**Description of the task**
Print the lines below exactly, beginning with the one that contains "Apartaments Suites Sant Jordi - Housity" and stopping after the last line.

Material supplied Start Marker

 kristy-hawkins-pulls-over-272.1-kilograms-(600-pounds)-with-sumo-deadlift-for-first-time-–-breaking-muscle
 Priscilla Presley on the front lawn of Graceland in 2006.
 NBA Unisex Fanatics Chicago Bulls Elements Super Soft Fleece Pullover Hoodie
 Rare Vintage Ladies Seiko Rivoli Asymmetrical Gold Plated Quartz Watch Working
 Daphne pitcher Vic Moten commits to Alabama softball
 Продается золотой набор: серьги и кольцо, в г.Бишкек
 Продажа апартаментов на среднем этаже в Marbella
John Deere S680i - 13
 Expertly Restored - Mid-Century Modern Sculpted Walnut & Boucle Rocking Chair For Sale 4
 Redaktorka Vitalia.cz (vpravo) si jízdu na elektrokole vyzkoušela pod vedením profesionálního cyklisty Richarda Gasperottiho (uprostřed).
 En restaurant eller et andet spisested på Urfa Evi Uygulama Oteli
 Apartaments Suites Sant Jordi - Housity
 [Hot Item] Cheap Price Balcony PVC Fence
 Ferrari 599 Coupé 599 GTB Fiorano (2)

Material supplied End Marker

**Solution to the exercise**
 Apartaments Suites Sant Jordi - Housity
 [Hot Item] Cheap Price Balcony PVC Fence
 Ferrari 599 Coupé 599 GTB Fiorano (2)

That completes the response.